The bright lights that lit the gray walls through nearly 50,000 nights at McNeil Island Corrections Center will dim, and the hard sounds of steel doors slamming shut will disappear. Grass will grow free where men once paid for their crimes.
The prison closes today after 135 years as both a federal and state correctional facility.
Memories remain.
Here are the stories of five men who share memories of their days at the Alcatraz of Puget Sound.
LARRY VESS:THE LAST COUNSELOR
Larry Vess walks past an idling bus and into the darkened entrance of Cellblock A. He heads down a corridor lined with men sitting on benches. They wear shapeless orange jumpsuits. Their hands are cuffed, their waists wrapped by chains.
Some of these inmates silently nod. Others mutter Vess’ name as he passes into a small, dingy room where the prisoners, standing with arms outstretched, are strip-searched before being transferred.
It’s standard operating procedure, for the few corrections officers left, to check for weapons and contraband. After a short bus ride and a 20-minute ferry crossing to Steilacoom, the 14 inmates will be moved to other prisons in the state.
They are among the last to leave.
Vess remains. He came to McNeil in 1983 as a prison guard and spent years rising to the rank of sergeant. Every working day he walked McNeil’s pavement and climbed three-story cellblock stair towers, lugging a 3-pound ring of keys and a heavy two-way radio. The wear and tear – prompting two knee replacements and multiple shoulder surgeries – forced him to take another job.
About a dozen years ago, he became a counselor with a desk, a small office and the power to make an inmate’s life either honey or hell.
Based on an inmate’s behavior, Vess helped to decide his work and training opportunities, perks, privileges or punishments.
“We’re responsible for every aspect of their life when they come here,” Vess said.
“Some inmates are a little cocky when they first come in. We burn that out of them, along with the notion that they’re free to do whatever they want but not be held accountable.”
While short of stature, Vess is long on personality, confidence and opinion.
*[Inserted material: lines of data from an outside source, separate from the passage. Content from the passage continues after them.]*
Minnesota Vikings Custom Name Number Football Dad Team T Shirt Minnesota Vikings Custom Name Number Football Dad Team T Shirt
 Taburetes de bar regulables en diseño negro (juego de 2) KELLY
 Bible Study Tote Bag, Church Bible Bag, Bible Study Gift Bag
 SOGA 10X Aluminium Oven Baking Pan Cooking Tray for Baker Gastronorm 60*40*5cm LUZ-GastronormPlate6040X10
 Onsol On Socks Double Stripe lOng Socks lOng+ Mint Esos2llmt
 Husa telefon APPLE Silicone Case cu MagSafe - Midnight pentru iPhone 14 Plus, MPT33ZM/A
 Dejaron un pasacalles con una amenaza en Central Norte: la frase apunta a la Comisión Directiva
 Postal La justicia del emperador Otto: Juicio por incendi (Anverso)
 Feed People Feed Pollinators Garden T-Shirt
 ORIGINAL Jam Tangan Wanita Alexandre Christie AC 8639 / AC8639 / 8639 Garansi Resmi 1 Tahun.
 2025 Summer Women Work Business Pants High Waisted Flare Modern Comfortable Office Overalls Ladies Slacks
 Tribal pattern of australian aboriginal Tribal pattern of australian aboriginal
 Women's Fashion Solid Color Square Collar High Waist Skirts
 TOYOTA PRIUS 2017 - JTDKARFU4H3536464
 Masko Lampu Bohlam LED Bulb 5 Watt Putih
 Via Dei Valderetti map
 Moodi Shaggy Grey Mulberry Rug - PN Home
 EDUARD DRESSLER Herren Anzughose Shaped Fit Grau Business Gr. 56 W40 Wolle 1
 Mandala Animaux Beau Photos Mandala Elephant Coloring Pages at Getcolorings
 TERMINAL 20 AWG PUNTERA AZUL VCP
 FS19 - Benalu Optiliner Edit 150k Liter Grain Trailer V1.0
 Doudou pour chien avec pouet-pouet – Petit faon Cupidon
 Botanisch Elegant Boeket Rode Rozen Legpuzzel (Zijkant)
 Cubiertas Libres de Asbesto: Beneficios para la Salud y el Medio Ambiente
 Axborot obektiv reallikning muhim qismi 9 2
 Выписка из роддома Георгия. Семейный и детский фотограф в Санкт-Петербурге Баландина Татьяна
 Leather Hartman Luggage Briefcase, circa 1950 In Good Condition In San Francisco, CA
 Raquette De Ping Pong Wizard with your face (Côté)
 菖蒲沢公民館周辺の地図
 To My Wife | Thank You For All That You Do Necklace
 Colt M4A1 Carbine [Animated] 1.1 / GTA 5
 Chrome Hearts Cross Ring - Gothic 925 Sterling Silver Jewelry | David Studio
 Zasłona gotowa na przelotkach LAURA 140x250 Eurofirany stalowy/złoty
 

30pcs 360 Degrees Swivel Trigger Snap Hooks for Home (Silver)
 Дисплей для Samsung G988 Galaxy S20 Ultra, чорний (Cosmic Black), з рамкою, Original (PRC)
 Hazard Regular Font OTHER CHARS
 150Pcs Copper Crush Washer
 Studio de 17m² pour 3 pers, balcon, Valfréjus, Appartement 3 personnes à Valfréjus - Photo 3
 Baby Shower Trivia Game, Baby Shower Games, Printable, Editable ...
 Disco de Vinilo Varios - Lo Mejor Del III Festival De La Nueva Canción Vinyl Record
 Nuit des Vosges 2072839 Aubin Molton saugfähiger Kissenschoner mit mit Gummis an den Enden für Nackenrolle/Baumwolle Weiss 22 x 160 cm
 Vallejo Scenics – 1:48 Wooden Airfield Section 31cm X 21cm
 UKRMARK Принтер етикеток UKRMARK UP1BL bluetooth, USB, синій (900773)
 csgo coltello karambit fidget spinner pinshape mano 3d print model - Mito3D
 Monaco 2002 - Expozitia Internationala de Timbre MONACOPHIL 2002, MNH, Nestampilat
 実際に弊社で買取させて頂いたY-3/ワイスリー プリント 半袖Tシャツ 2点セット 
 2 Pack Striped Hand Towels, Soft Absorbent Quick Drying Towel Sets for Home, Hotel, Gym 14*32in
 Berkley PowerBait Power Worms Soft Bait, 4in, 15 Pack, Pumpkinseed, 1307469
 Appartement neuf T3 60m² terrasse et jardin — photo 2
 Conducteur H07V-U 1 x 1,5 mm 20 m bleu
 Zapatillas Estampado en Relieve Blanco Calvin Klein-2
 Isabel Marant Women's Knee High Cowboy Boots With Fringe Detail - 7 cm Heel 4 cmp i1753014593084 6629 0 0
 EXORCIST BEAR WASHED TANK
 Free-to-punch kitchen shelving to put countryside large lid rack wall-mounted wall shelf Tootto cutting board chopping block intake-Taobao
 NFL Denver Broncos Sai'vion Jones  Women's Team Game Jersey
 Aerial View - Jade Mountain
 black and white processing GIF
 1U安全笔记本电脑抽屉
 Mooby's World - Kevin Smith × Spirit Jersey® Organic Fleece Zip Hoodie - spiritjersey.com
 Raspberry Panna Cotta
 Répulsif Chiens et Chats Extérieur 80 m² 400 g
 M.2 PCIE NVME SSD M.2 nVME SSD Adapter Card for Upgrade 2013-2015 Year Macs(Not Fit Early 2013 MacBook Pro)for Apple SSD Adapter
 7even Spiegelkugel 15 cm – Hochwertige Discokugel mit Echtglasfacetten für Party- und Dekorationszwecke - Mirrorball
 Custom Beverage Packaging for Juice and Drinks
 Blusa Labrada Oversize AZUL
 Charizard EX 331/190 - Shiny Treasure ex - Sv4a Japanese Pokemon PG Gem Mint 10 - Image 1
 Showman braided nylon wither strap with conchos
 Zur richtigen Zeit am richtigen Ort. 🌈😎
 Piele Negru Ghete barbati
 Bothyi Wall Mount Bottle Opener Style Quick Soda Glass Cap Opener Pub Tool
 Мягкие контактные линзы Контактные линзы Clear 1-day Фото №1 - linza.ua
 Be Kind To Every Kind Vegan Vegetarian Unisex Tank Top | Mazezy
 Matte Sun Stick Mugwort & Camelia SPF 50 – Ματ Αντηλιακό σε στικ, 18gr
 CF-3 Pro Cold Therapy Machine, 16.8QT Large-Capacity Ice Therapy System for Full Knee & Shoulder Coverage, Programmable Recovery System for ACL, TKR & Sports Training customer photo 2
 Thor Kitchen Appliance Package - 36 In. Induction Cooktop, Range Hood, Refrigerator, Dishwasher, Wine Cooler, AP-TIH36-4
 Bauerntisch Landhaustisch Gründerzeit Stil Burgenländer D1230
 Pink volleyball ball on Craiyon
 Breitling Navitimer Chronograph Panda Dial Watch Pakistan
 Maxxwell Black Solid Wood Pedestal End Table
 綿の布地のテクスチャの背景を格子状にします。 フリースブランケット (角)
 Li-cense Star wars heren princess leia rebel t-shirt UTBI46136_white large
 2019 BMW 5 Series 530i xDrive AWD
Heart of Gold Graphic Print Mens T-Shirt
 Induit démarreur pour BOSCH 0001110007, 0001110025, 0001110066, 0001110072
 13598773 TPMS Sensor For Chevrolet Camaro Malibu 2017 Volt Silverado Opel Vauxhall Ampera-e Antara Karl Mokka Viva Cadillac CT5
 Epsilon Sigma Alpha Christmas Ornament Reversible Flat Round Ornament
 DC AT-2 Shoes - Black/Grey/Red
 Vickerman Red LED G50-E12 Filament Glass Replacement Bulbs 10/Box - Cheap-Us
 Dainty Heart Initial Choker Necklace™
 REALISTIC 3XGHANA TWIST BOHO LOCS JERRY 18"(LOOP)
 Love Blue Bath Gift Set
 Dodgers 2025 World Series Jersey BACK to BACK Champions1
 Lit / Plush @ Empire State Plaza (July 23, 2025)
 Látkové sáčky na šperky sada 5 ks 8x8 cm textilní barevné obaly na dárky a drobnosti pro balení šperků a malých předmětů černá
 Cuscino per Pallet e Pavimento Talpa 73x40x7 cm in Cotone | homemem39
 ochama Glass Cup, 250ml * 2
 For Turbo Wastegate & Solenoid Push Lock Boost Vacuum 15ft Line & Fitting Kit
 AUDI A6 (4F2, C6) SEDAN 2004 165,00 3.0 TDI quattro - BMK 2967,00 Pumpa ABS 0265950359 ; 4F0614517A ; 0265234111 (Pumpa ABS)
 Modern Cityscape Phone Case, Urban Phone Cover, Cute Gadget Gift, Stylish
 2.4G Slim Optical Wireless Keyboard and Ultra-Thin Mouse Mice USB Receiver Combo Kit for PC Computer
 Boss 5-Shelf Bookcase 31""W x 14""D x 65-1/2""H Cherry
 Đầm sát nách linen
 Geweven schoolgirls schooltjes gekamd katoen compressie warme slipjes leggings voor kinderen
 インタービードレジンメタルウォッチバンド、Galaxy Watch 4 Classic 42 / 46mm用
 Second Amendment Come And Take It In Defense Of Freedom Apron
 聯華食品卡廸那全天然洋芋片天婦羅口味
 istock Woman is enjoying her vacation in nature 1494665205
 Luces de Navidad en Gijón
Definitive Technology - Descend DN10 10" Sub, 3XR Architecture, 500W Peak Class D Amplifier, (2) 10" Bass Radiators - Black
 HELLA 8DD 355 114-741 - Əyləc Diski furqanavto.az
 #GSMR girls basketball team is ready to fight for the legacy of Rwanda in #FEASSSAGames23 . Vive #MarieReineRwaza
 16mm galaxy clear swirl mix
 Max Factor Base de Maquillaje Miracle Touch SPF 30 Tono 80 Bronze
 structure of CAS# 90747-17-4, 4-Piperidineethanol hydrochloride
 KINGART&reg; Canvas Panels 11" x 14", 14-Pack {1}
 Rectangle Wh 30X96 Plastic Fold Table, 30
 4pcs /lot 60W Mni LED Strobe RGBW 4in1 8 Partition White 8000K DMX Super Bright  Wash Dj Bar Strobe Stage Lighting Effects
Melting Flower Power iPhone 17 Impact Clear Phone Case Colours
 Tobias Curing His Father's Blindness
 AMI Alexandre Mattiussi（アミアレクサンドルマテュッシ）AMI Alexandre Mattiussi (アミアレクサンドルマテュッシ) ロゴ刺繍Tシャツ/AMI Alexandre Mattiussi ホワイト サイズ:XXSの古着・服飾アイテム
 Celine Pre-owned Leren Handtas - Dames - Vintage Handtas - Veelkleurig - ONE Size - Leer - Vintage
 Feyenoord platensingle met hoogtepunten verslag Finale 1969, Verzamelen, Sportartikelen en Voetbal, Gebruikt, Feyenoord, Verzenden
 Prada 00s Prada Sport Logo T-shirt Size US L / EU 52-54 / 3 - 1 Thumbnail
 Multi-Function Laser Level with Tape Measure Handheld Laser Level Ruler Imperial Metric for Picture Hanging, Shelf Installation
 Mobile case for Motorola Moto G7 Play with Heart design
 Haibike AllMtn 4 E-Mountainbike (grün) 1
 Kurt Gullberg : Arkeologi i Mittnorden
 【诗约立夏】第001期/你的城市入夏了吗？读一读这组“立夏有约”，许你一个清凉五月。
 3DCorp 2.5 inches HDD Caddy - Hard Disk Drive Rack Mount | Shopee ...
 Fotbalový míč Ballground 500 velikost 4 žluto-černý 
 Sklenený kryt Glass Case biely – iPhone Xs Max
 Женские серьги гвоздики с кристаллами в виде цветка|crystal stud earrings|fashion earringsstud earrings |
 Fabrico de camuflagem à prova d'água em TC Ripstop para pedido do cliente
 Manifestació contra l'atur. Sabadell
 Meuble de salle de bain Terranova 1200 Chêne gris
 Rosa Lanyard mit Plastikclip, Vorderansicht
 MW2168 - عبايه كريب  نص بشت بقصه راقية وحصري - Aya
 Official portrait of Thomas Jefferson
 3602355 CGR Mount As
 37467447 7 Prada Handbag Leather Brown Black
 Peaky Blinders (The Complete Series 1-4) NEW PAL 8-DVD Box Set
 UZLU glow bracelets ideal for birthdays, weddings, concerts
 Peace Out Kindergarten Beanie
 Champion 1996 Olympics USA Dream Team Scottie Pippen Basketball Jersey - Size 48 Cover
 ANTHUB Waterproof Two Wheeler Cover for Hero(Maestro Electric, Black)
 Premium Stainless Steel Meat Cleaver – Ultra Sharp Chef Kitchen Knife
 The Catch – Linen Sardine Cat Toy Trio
Don’t get him started on closing McNeil.
“It’s a huge waste of taxpayer money,” he said, shaking his head and noting the upgraded concrete cellblocks and improved infrastructure done in the 1990s at a cost of $90 million.
On this day, Vess was wearing an extra pair of hats – as both prison historian and tour guide for journalists from CNN and The News Tribune.
He led them down the deserted “Boulevard,” the concrete and asphalt artery that once carried guards, prison vehicles and tightly scheduled pulses of hundreds of inmates who were moved in five-minute intervals on their way to cellblocks, the exercise yard or a job with prison industries.
Vess said that today, his last day, will be a mix of nostalgia and taking care of business. He’ll oversee a last transfer of inmates off the prison island via the “chain bus” in the morning.
His next assignment, starting at 7:30 a.m. today, will be as a counselor at the Washington Corrections Center for Women near Gig Harbor.
“I knew working on this island I was working on something special. I raised a family. I lived a lifetime,” Vess said.
GARY KITSCH: THE JOHN WAYNE OF MCNEIL ISLAND
For nearly 30 years, Gary Kitsch worked with inmates in prison industries, helping them run the orchard, farm, pig farm and meat plant.
He spent most of the last decade managing the furniture manufacturing, finishing and assembly plant, where inmates turned out tables, chairs and desks for schools, the state liquor board and other agencies.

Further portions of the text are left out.